The Illusion of Immorality
By Mariah, age 15, Minnesota
In this day and age, when you flip through the channels, you are faced with sex, violence, innuendo, and vulgar language. Parents are worried about their children viewing pornography or watching racy late night comedians on television when, in reality, there is a far greater problem that remains overlooked.
We are paying too much attention to which late night programs our virgin-eyed and virgin-eared children are watching on television, yet we are not trying to solve the main problem that plagues the eyes and ears of our adolescents: sensationalized media.
According to a September 6th, 2006 article by Peter M. Sandman, once himself a journalist, news reporters are only supposed to find leads and cover stories that are of interest to viewers and readers. They look for stories that are more likely to cause an outrage, as opposed to news reports that will inform viewers or readers to true hazards.
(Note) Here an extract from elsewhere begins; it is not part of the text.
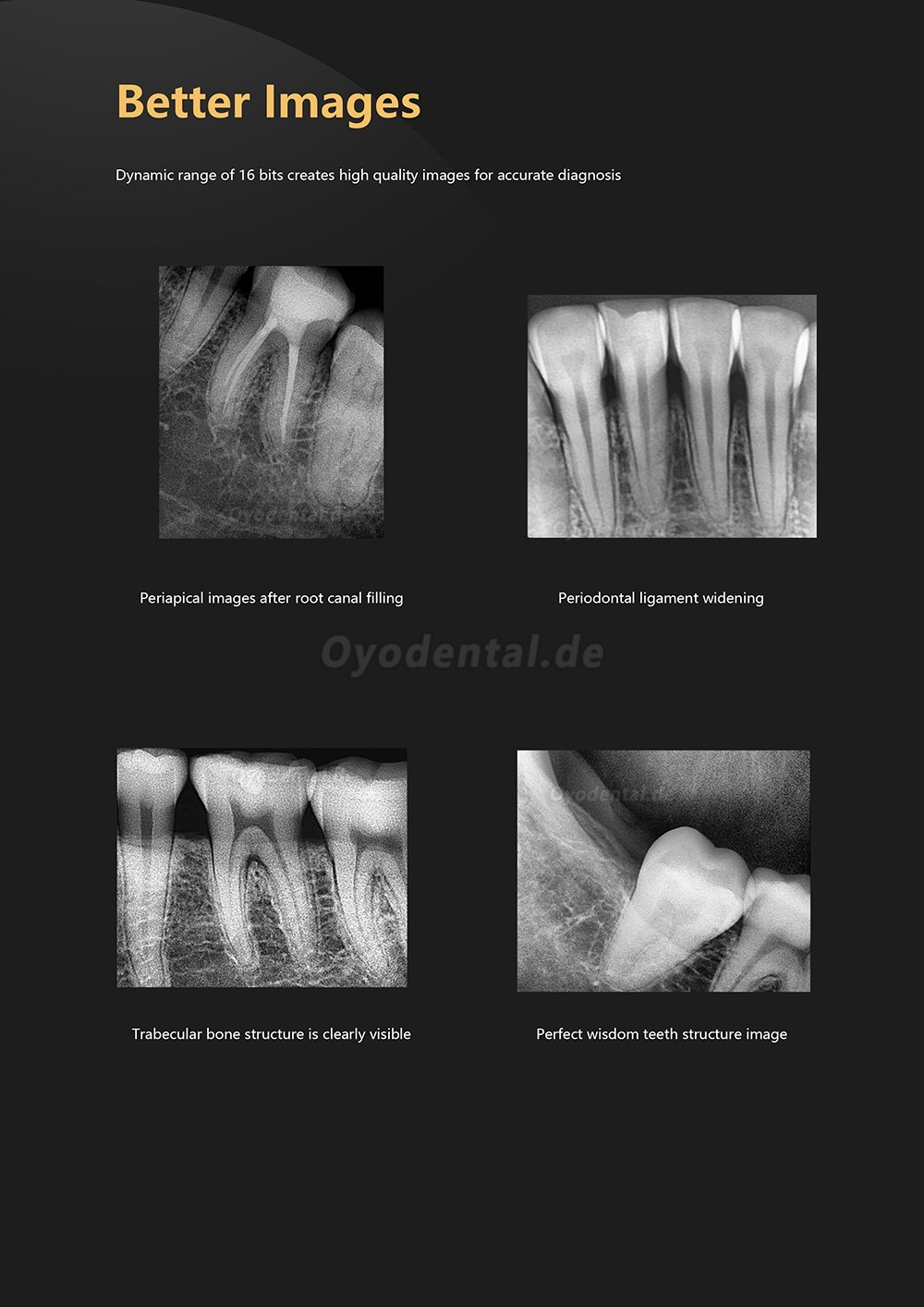 Dental RVG Digitaler Röntgensensor Intraoraler Röntgensensor Intraoralsensoren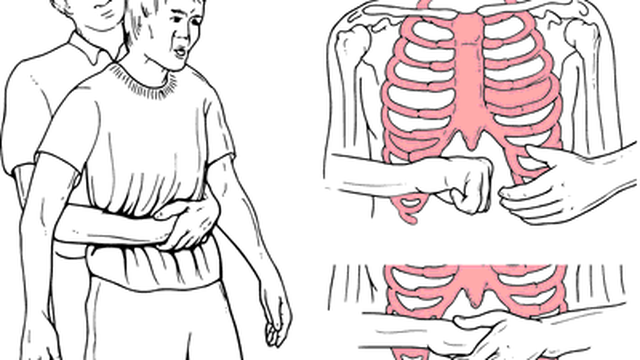 bai-viet/nghiem-phap-heimlich-la-gi-cach-thuc-hien.html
For example, a report about five people dying from anthrax, eight people dying from a salmonella outbreak, or someone getting killed by a shark will make headline news because each has the potential to torque someone's nerves and create hysteria. However, you may be unaware of true hazards that are often overlooked by our media because they are boring and all too common.
♥ In the United States, on average, 114 people die each day (42,000 annually) in automobile collisions.
♥ Annually in the United States, more than 20,000 people die from the common flu.
♥ On average, 550,000 Americans die each year from cancer - that's 1,500 deaths per day. About 163,000 of these deaths are caused by lung cancer alone.
♥ 400,000 Americans die each year from smoking-related illnesses.
♥ 910,000 Americans die from heart disease each year.
There are risks in every form of transportation. However, commercial airline travel is among the safest. According to the group United Justice*, from January 1982 to March 2001, there were a total of 8,109,000,000 (that's eight billion) passenger enplanements. During this time there were only 2,301 casualties and 348 serious injuries. In conclusion, you have a 0.00003% chance of being seriously injured or killed in a commercial airline accident, far less than other popular methods of transportation.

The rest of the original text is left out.